Alors on alterne. Une bonne grivoiserie, une réflexion bien salace et pouf on remet un peu de dentelle. On suggère qu'on en a "une grosse", et puis on leur montre l'étoile du berger. C'est bien de le rappeler plusieurs fois qu'on a en vraiment "une grosse", et hop on leur chante du Véronique Sanson. On se jette sur l'ambiguïté dès qu'on entrevoit une brèche. Profond, humide, dur, tu la sens ? … Et on enchaîne avec un compliment et du "Ma petite jolie" bien sympa.


Et le cerveau il pense quoi ?

Tout le monde joue parfaitement son rôle dans la grande comédie romantique. Les oreilles font semblant de rougir, les moustachus font semblant d'être respectueux. Nous jouons la femme. Vous jouez l'homme. Nous jouons les princesses. Vous jouez les chevaliers.

Le masque de gentleman n'arrive jamais vraiment à cacher les canines de dinosaure carnivore. Et même la vieillesse qui nous courre après ne nous empêche pas de glousser encore comme des petites dindes timides et timorées. Quand le gentilhomme parle aux petites filles modèles, il ressemble à un végétarien la bouche pleine de chorizo, à un trafiquant de drogue qui fait passer sa coke dans des dragées pour mariage, un ado qui fume avec des gants Mappa à la fenêtre, persuadé que, non, ça sentira pas.

Quand le gentilhomme parle aux petites filles modèles, il ressemble à un ado qui fume à la fenêtre avec des gants Mappa, persuadé que, non, ça sentira pas.

Mais les oreilles sont aussi fautives que les hommes, elles simulent celles qui n'ont rien senti. Si. Çà sent. Çà sent dans toute votre chambre, votre haleine empeste comme vos doigts. Les oreilles gloussent mais comprennent : "Suce-moi ! Mais ferme les yeux ! - pardon, les oreilles-", un message qui interdit le consentement et le plaisir, enferme et réduit à une place et une fonction. Des oreilles et un cul.

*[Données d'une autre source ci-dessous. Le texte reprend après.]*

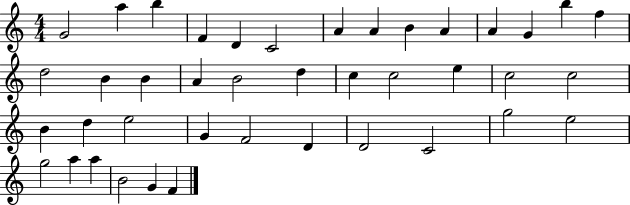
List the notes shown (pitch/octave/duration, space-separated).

G4/h A5/q B5/q F4/q D4/q C4/h A4/q A4/q B4/q A4/q A4/q G4/q B5/q F5/q D5/h B4/q B4/q A4/q B4/h D5/q C5/q C5/h E5/q C5/h C5/h B4/q D5/q E5/h G4/q F4/h D4/q D4/h C4/h G5/h E5/h G5/h A5/q A5/q B4/h G4/q F4/q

Nous nous ne sommes pas des licornes et vous n'êtes pas des chevaliers. Vous êtes de grosses menteuses comme nos oreilles, qui font semblant de ne pas avoir entendu le pet dans le lit. Vous êtes de gros hypocrites comme nos oreilles qui font semblant de croire que la condescendance est une marque de respect, la flatterie de la séduction, le mépris de la galanterie.

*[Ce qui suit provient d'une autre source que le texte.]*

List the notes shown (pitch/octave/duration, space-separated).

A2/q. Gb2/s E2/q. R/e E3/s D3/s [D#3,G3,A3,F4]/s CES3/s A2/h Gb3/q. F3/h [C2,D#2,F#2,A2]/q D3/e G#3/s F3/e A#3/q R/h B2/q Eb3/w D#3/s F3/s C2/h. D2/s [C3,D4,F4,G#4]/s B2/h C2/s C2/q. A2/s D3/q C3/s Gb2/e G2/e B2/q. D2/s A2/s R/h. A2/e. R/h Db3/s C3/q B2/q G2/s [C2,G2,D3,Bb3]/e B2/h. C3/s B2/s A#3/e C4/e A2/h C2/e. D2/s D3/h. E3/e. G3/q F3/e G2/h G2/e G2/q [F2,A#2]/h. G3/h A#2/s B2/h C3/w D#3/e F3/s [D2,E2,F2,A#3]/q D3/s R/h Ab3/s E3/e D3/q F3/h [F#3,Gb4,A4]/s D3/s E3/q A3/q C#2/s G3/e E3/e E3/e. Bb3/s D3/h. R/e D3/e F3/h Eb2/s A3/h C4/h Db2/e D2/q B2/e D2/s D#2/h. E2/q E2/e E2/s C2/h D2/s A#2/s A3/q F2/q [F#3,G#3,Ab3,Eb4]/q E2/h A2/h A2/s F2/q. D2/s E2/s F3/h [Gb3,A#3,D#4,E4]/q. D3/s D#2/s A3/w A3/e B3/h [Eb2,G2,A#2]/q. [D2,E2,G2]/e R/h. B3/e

Tout le jeu consiste à croire qu'on est différents, une paire de chaussettes mélangées, qu'on ne fait pas partie de la même espèce, ni même de la même équipe. La vérité c'est qu'on est tous enfermés dans la même cellule, dans la prison de la grande comédie.


On remonte vers mon cœur
Faisons un pas en arrière, encore un autre, pour avoir un plan large de la femme-oreilles. Imaginez plutôt des yeux, des oreilles, une bouche, des mains, des jambes, un chapeau. Comme Mr Patate. Voilà c'est moi. Il se passe pleins de choses entre mon cul et mes oreilles. Non pas mes seins. Derrière. Mon cœur. Coucou c'est moi.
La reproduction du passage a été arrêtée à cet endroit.